■ TASK DIRECTIONS
Output the entries word for word. Omit images.

○ ○ ○ ○ ○ ○ ○

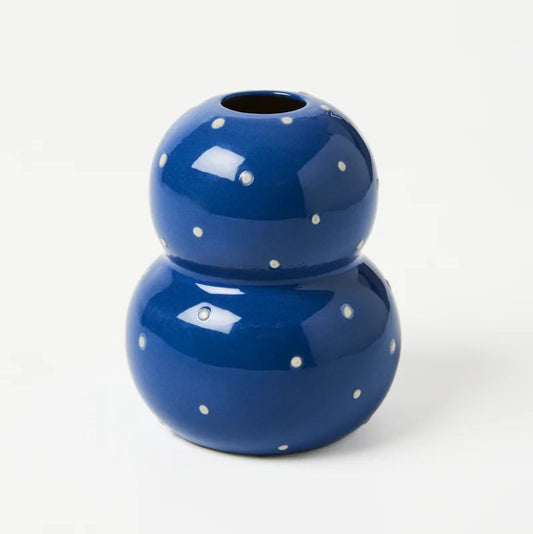 Blue ceramic vase with white polka dots on a white background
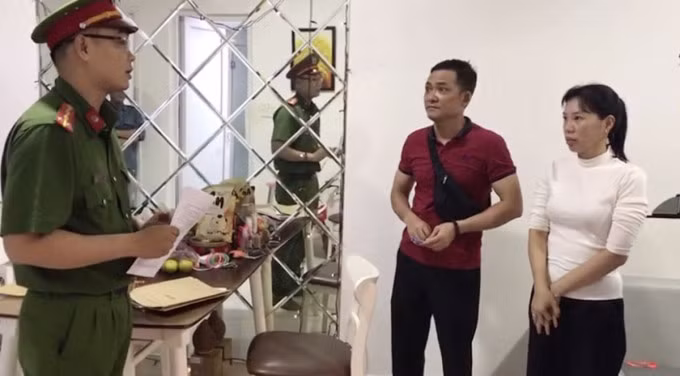 Cảnh sát đọc lệnh bắt bị can. Ảnh: Tường Vân
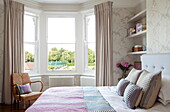 Double bed with recessed shelving in contemporary London townhouse, England, UK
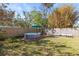 Backyard featuring an above-ground pool, a wooden fence, and ample green space for outdoor activities at 617 S Flamingo Dr, Holly Hill, FL 32117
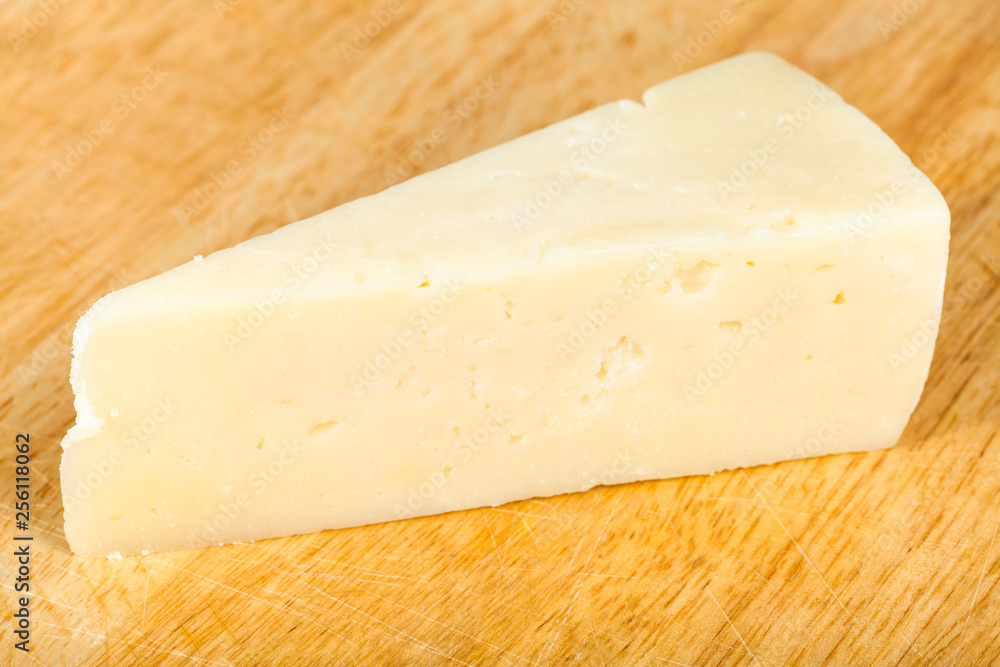 italian Pecorino Romano cheese on cutting board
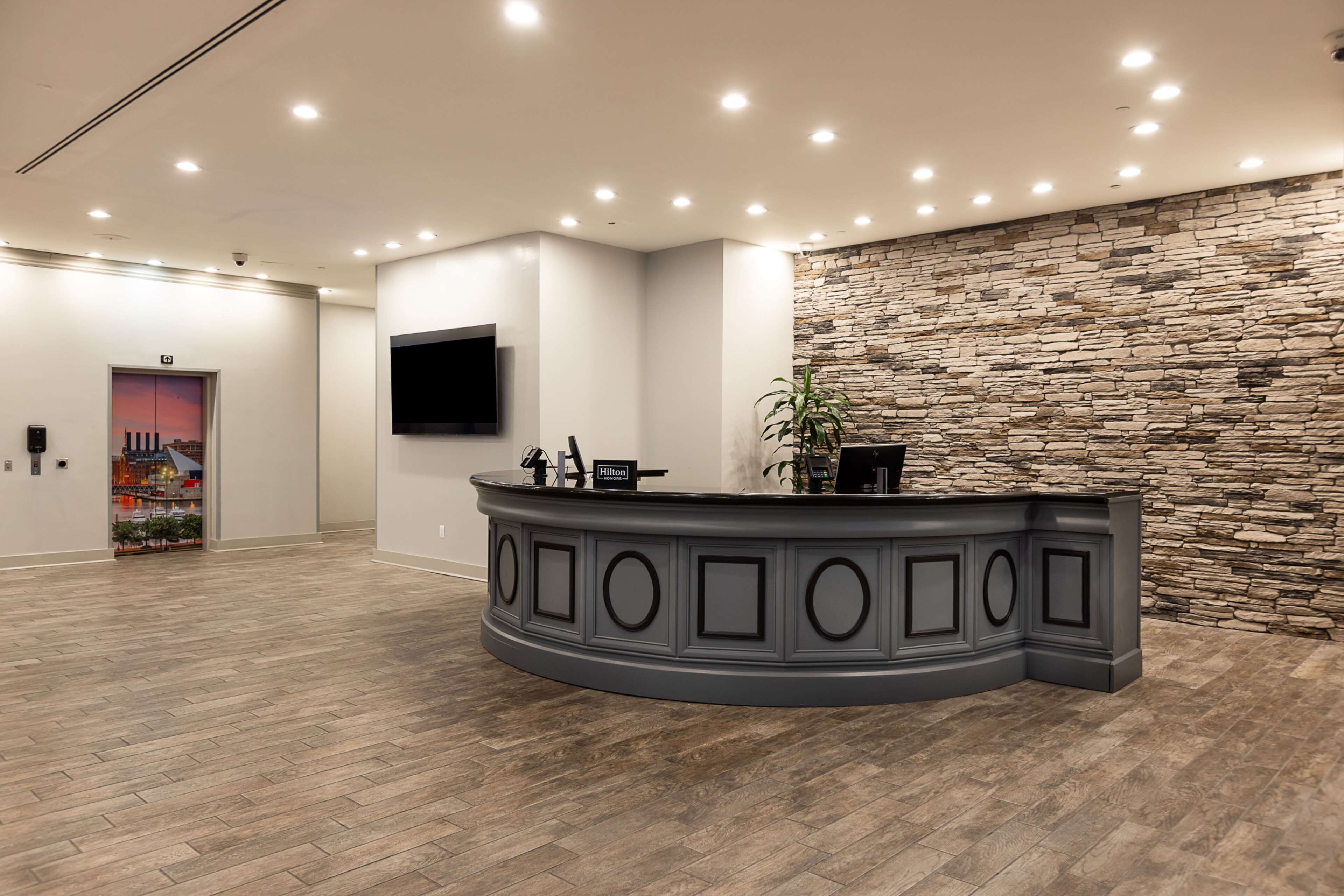 A hotel reception area with a curved grey reception desk, a flat-screen TV mounted on the wall, and a stone wall accent.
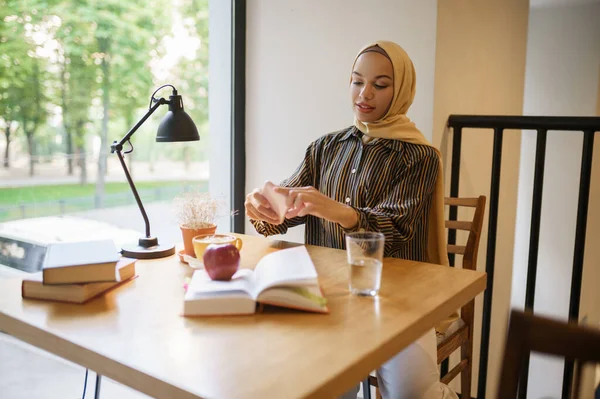 アラブの女の子は 大学のカフェでコーヒーとカップの写真を撮ります トップビュー 図書館に座っている本を持つイスラム教徒の女性 — ストック写真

○ ○ ○ ○ ○ ○ ○

■ ANSWER SECTION
 Blue ceramic vase with white polka dots on a white background
 Cảnh sát đọc lệnh bắt bị can. Ảnh: Tường Vân
 Double bed with recessed shelving in contemporary London townhouse, England, UK
 Backyard featuring an above-ground pool, a wooden fence, and ample green space for outdoor activities at 617 S Flamingo Dr, Holly Hill, FL 32117
 italian Pecorino Romano cheese on cutting board
 A hotel reception area with a curved grey reception desk, a flat-screen TV mounted on the wall, and a stone wall accent.
 アラブの女の子は 大学のカフェでコーヒーとカップの写真を撮ります トップビュー 図書館に座っている本を持つイスラム教徒の女性 — ストック写真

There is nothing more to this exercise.